And (3) determining the total mycoprotein concentration of the purified total mycoprotein of three pathogenic bacteria, namely Nocardia seriolae, nocardia asteroides and Nocardia salmonicida by adopting a 2D Quant kit, wherein the specific operation steps refer to the kit specification. Each group of whole eggs was divided into two equal samples to ensure that each group of experiments showed SDS-PAGE gel and Western Blot NC membrane results from the same protein sample.

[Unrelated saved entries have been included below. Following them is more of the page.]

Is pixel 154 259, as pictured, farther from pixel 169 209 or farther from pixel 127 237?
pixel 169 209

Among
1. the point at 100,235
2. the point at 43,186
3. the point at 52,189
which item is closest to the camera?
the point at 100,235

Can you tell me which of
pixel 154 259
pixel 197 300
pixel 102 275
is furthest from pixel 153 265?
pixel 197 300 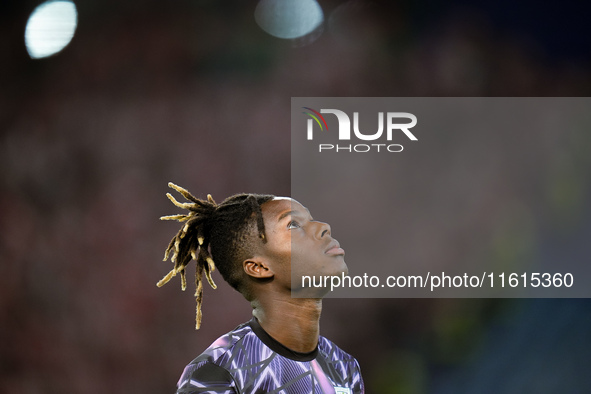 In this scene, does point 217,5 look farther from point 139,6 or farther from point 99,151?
point 99,151

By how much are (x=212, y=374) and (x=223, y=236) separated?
1.46 ft

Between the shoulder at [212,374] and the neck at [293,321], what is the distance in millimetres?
126

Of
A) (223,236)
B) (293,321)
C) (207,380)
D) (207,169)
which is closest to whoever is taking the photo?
(207,380)

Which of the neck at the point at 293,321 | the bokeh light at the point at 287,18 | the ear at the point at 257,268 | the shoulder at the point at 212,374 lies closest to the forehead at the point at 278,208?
the ear at the point at 257,268

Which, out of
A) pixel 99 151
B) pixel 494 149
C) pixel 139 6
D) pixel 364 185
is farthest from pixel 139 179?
pixel 494 149

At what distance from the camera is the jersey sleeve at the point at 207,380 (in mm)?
1601

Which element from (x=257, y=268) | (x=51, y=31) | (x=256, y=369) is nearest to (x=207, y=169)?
(x=51, y=31)

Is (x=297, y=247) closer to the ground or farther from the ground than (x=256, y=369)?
farther from the ground

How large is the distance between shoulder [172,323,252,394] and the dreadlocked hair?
22cm

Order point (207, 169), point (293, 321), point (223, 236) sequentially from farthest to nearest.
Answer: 1. point (207, 169)
2. point (223, 236)
3. point (293, 321)

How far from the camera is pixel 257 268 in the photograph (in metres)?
1.83

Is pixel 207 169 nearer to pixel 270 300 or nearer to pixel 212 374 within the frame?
pixel 270 300

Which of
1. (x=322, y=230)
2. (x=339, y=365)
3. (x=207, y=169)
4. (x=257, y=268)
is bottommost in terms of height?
(x=339, y=365)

(IV) one-dimensional isoelectric focusing (IEF) electrophoresis

(1) The volume of protein to be added (total protein content: 120. Mu.g) was determined from the protein concentration, and the corresponding hydration solution (1% DTT added in the hydration solution when used; hydration solution volume = 125. Mu.L-protein volume) was added to the protein solution, followed by addition of 6.25. Mu.L IPG and 1.25. Mu.L Protease inhibitor Protease Mix.

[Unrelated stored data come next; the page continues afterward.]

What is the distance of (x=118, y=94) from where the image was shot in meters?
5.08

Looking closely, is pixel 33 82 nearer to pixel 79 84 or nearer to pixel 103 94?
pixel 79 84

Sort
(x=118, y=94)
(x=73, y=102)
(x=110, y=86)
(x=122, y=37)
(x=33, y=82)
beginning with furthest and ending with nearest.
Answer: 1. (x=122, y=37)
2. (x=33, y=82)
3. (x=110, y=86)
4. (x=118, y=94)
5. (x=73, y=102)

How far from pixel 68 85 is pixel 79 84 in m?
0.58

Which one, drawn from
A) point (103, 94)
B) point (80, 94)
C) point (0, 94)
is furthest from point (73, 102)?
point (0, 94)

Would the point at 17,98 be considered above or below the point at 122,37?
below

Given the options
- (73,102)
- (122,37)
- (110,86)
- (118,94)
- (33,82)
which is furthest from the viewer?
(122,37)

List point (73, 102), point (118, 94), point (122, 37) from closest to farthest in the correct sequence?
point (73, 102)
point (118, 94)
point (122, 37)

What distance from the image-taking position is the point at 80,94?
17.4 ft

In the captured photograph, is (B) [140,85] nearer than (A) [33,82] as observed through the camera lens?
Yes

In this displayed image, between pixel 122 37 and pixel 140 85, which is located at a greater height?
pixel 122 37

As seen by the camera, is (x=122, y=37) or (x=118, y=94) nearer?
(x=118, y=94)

(2) And adding all mixed samples into an electrophoresis tank, covering with an adhesive tape, removing bubbles to uniformly spread the protein solution, and sucking about 1.5mL of glycerol to cover the adhesive tape.

(3) Placing the loaded adhesive tape in an Ettan IPGphor III horizontal electrophoresis apparatus for hydration for 12h at the temperature of 20 ℃; a one-dimensional isoelectric focusing (IEF) electrophoresis was then performed according to the procedure (S100V 1h, S200V 1h, S500V 1h, G1000V 1h, G10000V 3h, S10000V 8 h). After electrophoresis, the IPG strip was quickly removed and equilibrated in equilibration solution A (0.2 g DTT in 20mL SDS equilibration buffer) for 15min, and then equilibrated in equilibration solution B (0.5 g iodoacetamide in 20mL SDS equilibration buffer) for 15min.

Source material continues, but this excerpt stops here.